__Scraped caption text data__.
____________________

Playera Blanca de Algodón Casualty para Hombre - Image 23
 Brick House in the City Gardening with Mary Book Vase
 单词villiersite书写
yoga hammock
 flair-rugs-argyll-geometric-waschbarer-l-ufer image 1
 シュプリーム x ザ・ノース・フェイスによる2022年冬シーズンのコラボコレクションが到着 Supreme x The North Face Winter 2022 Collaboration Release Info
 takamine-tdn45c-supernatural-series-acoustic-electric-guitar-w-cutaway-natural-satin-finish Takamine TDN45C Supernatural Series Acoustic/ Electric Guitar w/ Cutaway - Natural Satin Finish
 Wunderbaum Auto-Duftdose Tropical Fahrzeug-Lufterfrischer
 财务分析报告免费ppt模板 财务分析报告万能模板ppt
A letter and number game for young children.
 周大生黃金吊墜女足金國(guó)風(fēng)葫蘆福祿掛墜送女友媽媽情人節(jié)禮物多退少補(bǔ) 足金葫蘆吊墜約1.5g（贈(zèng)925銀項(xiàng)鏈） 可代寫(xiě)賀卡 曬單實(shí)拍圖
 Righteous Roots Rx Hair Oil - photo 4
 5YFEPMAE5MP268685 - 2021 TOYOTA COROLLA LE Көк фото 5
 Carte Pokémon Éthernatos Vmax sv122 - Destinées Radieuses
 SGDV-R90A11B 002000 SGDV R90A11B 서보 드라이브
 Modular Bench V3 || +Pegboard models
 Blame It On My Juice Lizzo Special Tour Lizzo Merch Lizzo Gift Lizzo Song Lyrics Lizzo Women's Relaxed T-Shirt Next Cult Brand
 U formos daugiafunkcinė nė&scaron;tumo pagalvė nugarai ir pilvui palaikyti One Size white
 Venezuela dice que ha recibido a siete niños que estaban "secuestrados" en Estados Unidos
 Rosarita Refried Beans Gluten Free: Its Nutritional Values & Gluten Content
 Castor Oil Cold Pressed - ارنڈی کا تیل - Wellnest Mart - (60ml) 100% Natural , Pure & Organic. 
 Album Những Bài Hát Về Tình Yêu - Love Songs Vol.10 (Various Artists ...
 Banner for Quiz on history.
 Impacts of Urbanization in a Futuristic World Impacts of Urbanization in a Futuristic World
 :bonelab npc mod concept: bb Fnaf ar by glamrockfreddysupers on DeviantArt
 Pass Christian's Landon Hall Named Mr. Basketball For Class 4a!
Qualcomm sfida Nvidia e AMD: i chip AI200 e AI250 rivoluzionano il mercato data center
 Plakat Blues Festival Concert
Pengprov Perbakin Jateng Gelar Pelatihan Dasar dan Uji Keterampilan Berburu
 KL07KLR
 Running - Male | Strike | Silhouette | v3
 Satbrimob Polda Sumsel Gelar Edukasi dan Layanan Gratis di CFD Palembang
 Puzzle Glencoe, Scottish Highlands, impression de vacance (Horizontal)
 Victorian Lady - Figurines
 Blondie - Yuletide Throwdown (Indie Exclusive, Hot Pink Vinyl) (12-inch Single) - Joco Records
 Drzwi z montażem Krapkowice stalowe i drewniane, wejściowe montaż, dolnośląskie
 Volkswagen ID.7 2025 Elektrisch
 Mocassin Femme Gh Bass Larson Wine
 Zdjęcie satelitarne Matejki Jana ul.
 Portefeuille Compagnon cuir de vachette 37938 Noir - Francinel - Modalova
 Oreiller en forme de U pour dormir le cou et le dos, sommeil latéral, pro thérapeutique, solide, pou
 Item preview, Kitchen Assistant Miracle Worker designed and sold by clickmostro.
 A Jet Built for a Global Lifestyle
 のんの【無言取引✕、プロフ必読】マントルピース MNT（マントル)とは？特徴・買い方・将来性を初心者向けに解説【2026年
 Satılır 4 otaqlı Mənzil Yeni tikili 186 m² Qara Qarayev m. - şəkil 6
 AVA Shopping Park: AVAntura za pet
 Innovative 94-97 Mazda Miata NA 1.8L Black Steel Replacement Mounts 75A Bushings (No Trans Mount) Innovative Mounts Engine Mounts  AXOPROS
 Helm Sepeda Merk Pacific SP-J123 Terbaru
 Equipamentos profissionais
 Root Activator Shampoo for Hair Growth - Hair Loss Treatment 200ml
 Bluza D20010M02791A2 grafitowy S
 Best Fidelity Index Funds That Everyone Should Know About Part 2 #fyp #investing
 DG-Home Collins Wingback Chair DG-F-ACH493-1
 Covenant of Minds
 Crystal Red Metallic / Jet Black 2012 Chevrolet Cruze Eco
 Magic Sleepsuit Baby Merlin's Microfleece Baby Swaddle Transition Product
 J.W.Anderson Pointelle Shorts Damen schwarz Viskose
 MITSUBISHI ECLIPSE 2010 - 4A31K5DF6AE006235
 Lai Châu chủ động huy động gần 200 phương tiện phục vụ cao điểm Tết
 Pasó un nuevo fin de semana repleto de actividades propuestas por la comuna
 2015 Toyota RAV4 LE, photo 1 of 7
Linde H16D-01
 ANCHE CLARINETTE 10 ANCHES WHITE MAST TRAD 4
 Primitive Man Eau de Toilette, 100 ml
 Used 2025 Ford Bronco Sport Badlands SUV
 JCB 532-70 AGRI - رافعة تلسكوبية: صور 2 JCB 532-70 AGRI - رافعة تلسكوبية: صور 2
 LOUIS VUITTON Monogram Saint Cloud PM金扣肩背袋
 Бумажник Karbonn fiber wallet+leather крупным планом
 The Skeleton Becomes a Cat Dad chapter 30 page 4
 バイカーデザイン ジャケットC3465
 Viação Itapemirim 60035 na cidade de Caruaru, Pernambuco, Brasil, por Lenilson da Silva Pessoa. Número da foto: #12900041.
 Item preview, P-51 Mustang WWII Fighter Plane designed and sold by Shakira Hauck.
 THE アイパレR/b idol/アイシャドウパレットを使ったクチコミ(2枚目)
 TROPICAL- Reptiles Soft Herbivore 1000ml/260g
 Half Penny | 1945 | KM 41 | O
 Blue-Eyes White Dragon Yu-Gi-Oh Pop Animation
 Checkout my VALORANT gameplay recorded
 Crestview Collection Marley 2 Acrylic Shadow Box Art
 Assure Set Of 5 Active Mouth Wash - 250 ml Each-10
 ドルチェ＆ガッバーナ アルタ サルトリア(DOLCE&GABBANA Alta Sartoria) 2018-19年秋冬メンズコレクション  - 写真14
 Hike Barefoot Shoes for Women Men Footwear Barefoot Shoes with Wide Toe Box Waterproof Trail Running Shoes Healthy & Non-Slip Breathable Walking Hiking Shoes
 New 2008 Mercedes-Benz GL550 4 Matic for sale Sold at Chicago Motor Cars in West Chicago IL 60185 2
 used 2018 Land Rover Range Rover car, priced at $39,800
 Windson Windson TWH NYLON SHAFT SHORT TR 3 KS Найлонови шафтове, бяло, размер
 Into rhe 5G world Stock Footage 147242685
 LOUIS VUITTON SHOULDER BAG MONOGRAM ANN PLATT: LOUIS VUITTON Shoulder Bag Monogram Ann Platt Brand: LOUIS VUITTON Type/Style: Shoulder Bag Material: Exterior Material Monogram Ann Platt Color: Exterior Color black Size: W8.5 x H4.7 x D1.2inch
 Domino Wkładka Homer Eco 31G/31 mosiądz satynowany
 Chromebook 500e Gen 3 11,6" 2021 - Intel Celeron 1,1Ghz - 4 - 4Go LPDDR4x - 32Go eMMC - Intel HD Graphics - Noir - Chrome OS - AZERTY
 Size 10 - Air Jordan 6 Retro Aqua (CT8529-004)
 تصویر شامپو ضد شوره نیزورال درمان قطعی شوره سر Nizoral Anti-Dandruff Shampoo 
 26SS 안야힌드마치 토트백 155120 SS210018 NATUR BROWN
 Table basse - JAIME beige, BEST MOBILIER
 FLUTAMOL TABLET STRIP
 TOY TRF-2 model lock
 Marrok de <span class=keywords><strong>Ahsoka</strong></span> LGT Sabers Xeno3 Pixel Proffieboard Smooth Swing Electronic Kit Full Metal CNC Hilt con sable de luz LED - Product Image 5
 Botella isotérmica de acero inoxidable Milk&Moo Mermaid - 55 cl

____________________

__What you need to do__.
Among the records above, find the lines where the word "Item" appears and copy them.

__Solution to the exercise__.
 Item preview, Kitchen Assistant Miracle Worker designed and sold by clickmostro.
 Item preview, P-51 Mustang WWII Fighter Plane designed and sold by Shakira Hauck.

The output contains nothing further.